Action item:
Give again, word for word, the lines below that run from the line with "A woman modeling" through the line with "Handshake of the employees near the desktop". Drop the pictures.
*** Opening of Stored data ***
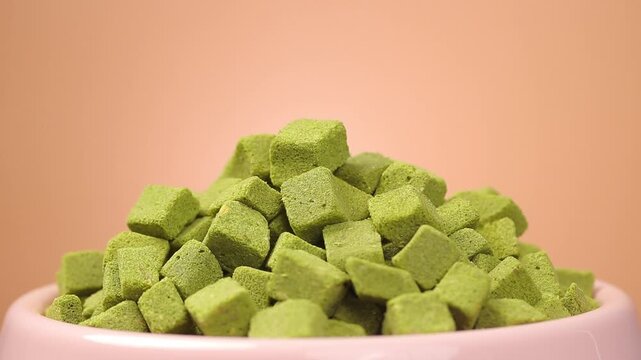 pile of freeze dried cat grass cube rotating slowly in a pet bowl on  a peach background. close-up view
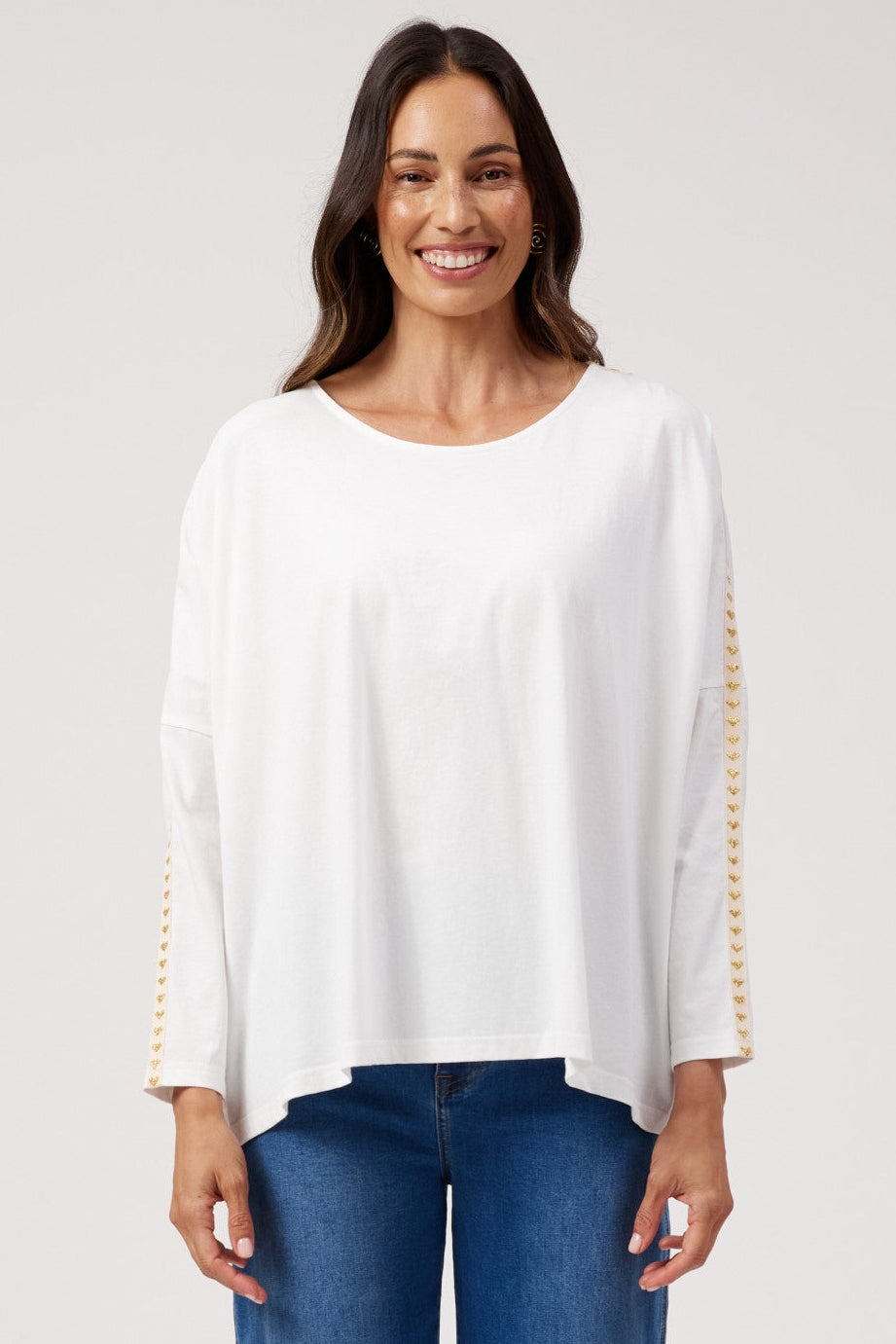 A woman modeling a white long-sleeve top with gold beaded trim on the sleeves, paired with blue wide-leg jeans, against a light gray studio background.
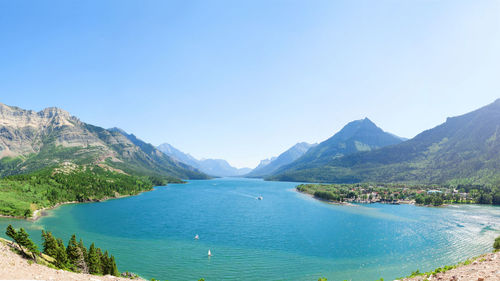 Scenic view of sea and mountains against clear blue sky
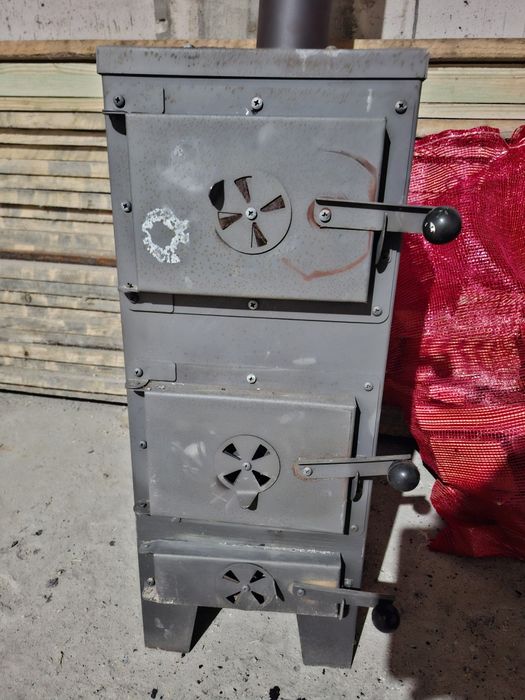Piecyk - Koza - Kominek do garażu na budowę  jak nowy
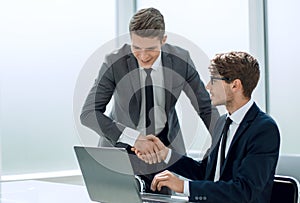 Handshake of the employees near the desktop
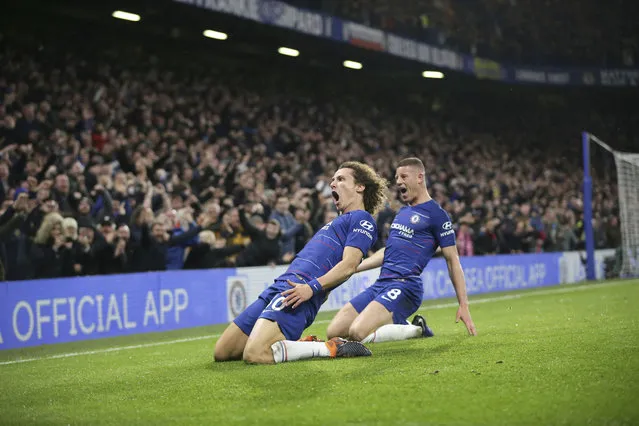 Chelsea's David Luiz, left, celebrates after scoring his side's opening goal during the English Premier League soccer match between Chelsea and Manchester City at Stamford Bridge in London, Saturday December 8, 2018. (Photo by Tim Ireland/AP Photo)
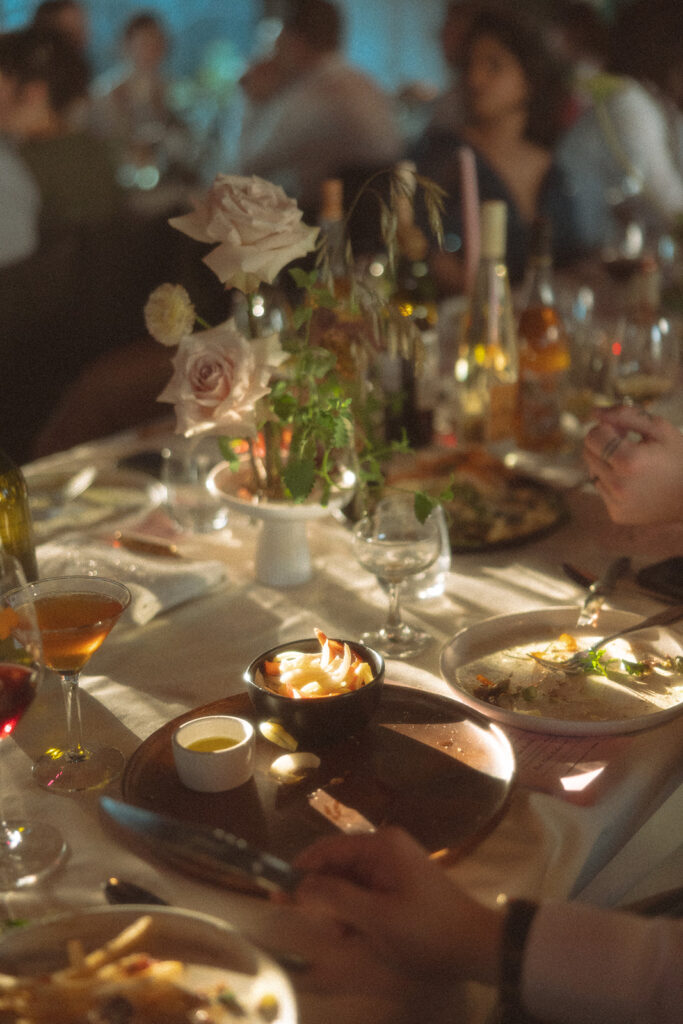 Documentary style wedding reception photo of guests eating during the reception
*** Close of Stored data ***
Response below:
 A woman modeling a white long-sleeve top with gold beaded trim on the sleeves, paired with blue wide-leg jeans, against a light gray studio background.
 Scenic view of sea and mountains against clear blue sky
Piecyk - Koza - Kominek do garażu na budowę  jak nowy
 Handshake of the employees near the desktop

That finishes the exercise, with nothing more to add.